[DATA BELOW]

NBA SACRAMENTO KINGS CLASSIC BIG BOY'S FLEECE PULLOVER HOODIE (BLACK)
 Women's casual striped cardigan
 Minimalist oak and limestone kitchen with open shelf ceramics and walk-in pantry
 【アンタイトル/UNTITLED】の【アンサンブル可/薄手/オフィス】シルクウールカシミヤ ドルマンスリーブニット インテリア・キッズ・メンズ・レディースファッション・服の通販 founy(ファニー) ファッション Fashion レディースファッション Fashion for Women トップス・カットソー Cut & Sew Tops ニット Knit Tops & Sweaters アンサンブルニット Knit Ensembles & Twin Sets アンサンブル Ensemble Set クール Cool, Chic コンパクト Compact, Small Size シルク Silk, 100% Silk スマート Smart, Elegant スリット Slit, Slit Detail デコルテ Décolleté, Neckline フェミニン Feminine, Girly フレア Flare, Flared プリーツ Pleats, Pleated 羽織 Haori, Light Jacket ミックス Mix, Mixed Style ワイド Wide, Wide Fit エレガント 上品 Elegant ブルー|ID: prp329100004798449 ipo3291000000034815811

[/DATA BELOW]

→ BRIEF: Write out every line of the material exactly as it appears.

→ ANSWER BOX:
NBA SACRAMENTO KINGS CLASSIC BIG BOY'S FLEECE PULLOVER HOODIE (BLACK)
 Women's casual striped cardigan
 Minimalist oak and limestone kitchen with open shelf ceramics and walk-in pantry
 【アンタイトル/UNTITLED】の【アンサンブル可/薄手/オフィス】シルクウールカシミヤ ドルマンスリーブニット インテリア・キッズ・メンズ・レディースファッション・服の通販 founy(ファニー) ファッション Fashion レディースファッション Fashion for Women トップス・カットソー Cut & Sew Tops ニット Knit Tops & Sweaters アンサンブルニット Knit Ensembles & Twin Sets アンサンブル Ensemble Set クール Cool, Chic コンパクト Compact, Small Size シルク Silk, 100% Silk スマート Smart, Elegant スリット Slit, Slit Detail デコルテ Décolleté, Neckline フェミニン Feminine, Girly フレア Flare, Flared プリーツ Pleats, Pleated 羽織 Haori, Light Jacket ミックス Mix, Mixed Style ワイド Wide, Wide Fit エレガント 上品 Elegant ブルー|ID: prp329100004798449 ipo3291000000034815811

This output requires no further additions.